(Exercise description)
In the listing below, find the line containing "Bedroom, Bed in" and the line containing "Siena Garden Elda". Repeat exactly those two lines and every line between them, nothing more.
++++ Exercise material
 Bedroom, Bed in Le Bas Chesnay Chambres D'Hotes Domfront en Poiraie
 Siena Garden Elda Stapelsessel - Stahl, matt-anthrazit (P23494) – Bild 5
++++++++
++++ Exercise material
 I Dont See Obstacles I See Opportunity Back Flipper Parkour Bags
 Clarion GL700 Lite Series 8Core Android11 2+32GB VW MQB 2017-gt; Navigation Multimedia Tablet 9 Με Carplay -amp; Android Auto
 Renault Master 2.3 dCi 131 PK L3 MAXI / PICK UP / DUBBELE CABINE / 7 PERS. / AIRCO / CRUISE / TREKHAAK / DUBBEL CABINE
++++++++
++++ Exercise material
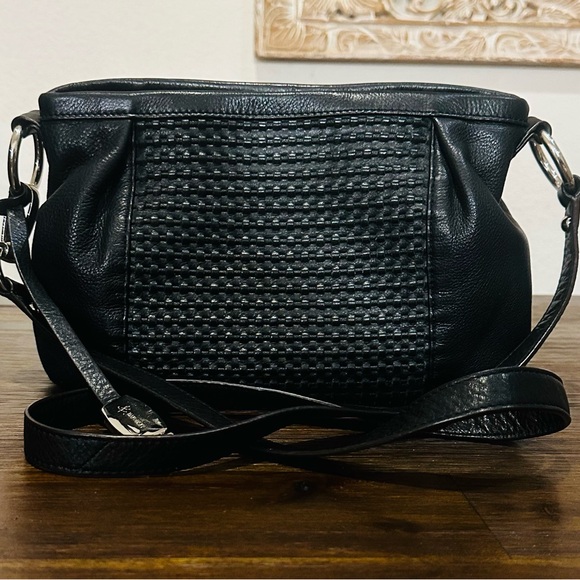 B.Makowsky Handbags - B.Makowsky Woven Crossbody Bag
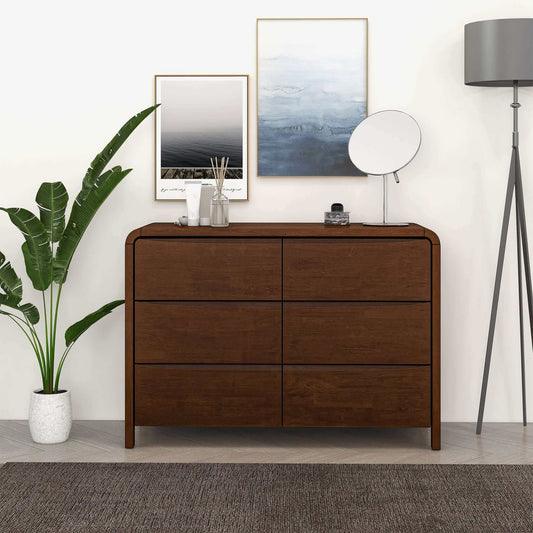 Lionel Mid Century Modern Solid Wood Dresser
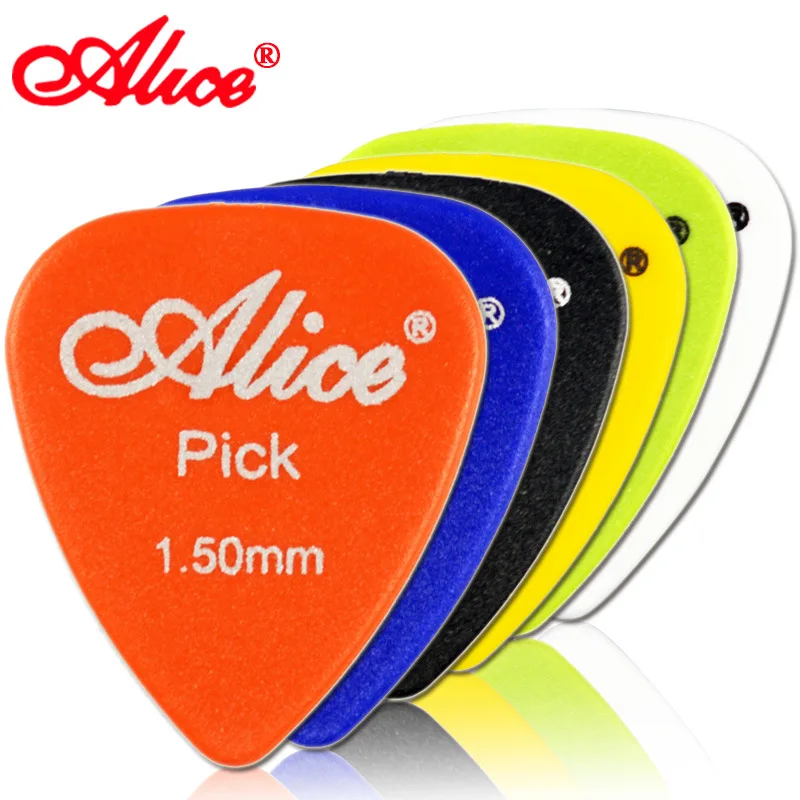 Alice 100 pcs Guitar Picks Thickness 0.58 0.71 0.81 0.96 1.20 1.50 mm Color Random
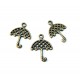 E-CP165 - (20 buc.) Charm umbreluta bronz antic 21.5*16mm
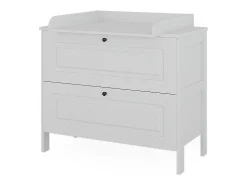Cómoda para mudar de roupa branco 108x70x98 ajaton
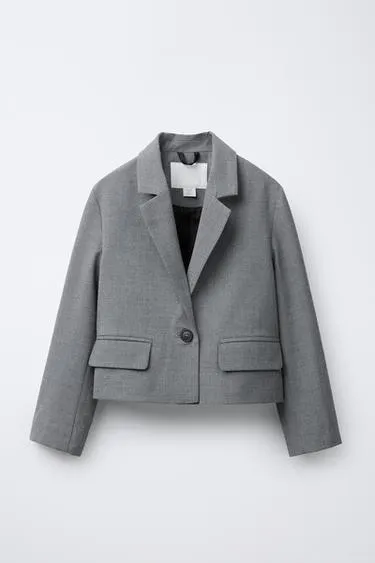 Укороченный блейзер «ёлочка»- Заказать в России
++++++++
(Task solution)
 Bedroom, Bed in Le Bas Chesnay Chambres D'Hotes Domfront en Poiraie
 Siena Garden Elda Stapelsessel - Stahl, matt-anthrazit (P23494) – Bild 5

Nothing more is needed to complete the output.